31 of the Best and Most Famous Short Classic Poems Of All Time

Em
Em
Apr 16 · 17 min read

We all enjoy a little bit of poetry every now and then. Poetry can be so beautiful, rhythmic, and meaningful; it’s no wonder that poetry has had a long history dating all the way back to prehistoric times. While I won’t be showing any of classic poems from ancient hunting hieroglyphics, there many classic poems that can be truly amazing to read.

Because poetry is such a personal thing, I’m listing classic poems that are the best to me. The best poetry for you may be different. I’m not necessarily looking for rhyme or specific literary tools like assonance, alliteration, or onomatopoeias. I’m looking for poems that really resonate me and made me feel a certain way or gave me a different perspective on life.

Here are some of the best classical poetry for you to enjoy. If you’re looking for more poems to fill your thirst for poetry (or want a place to share your poetry), I’d recommend Commaful.

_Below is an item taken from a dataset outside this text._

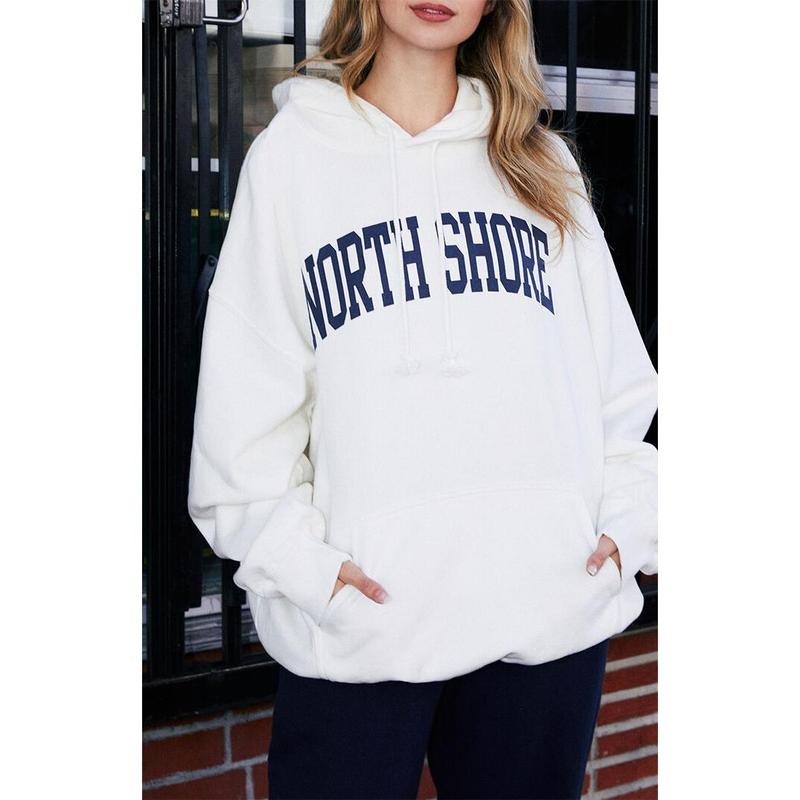 John Galt Women's White Christy Northshore Oversized Hoodie T-Shirts, Sweatshirt | GrindPrints.com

1. “No Man Is An Island” by John Donne

No man is an island,

Entire of itself,

Every man is a piece of the continent,

A part of the main.

If a clod be washed away by the sea,

Europe is the less.

As well as if a promontory were.

As well as if a manor of thy friend’s

Or of thine own were:

Any man’s death diminishes me,

Because I am involved in mankind,

And therefore never send to know for whom the bell tolls;

It tolls for thee.

Source

2. “Stopping by Woods On a Snowy Evening” by Robert Frost

Whose woods these are I think I know.

His house is in the village though;

He will not see me stopping here

To watch his woods fill up with snow.

My little horse must think it queer

To stop without a farmhouse near

Between the woods and frozen lake

The darkest evening of the year.

He gives his harness bells a shake

To ask if there is some mistake.

The only other sound’s the sweep

Of easy wind and downy flake.

The woods are lovely, dark and deep,

But I have promises to keep,

And miles to go before I sleep,

And miles to go before I sleep.

Source

3. “Still I Rise” by Maya Angelou

You may write me down in history

With your bitter, twisted lies,

You may tread me in the very dirt

But still, like dust, I’ll rise.

Does my sassiness upset you?

Why are you beset with gloom?

’Cause I walk like I’ve got oil wells

Pumping in my living room.

Just like moons and like suns,

With the certainty of tides,

Just like hopes springing high,

Still I’ll rise.

Did you want to see me broken?

Bowed head and lowered eyes?

Shoulders falling down like teardrops.

Weakened by my soulful cries.

Does my haughtiness offend you?

Don’t you take it awful hard

’Cause I laugh like I’ve got gold mines

Diggin’ in my own back yard.

You may shoot me with your words,

You may cut me with your eyes,

You may kill me with your hatefulness,

But still, like air, I’ll rise.

Does my sexiness upset you?

Does it come as a surprise

That I dance like I’ve got diamonds

At the meeting of my thighs?

Out of the huts of history’s shame

I rise

Up from a past that’s rooted in pain

I rise

I’m a black ocean, leaping and wide,

Welling and swelling I bear in the tide.

Leaving behind nights of terror and fear

I rise

Into a daybreak that’s wondrously clear

I rise

Bringing the gifts that my ancestors gave,

I am the dream and the hope of the slave.

I rise

I rise

I rise.

Source

4. “Shall I Compare Thee To A Summer’s Day?” by William Shakespeare

Shall I compare thee to a summer’s day?

Thou art more lovely and more temperate.

Rough winds do shake the darling buds of May,

And summer’s lease hath all too short a date.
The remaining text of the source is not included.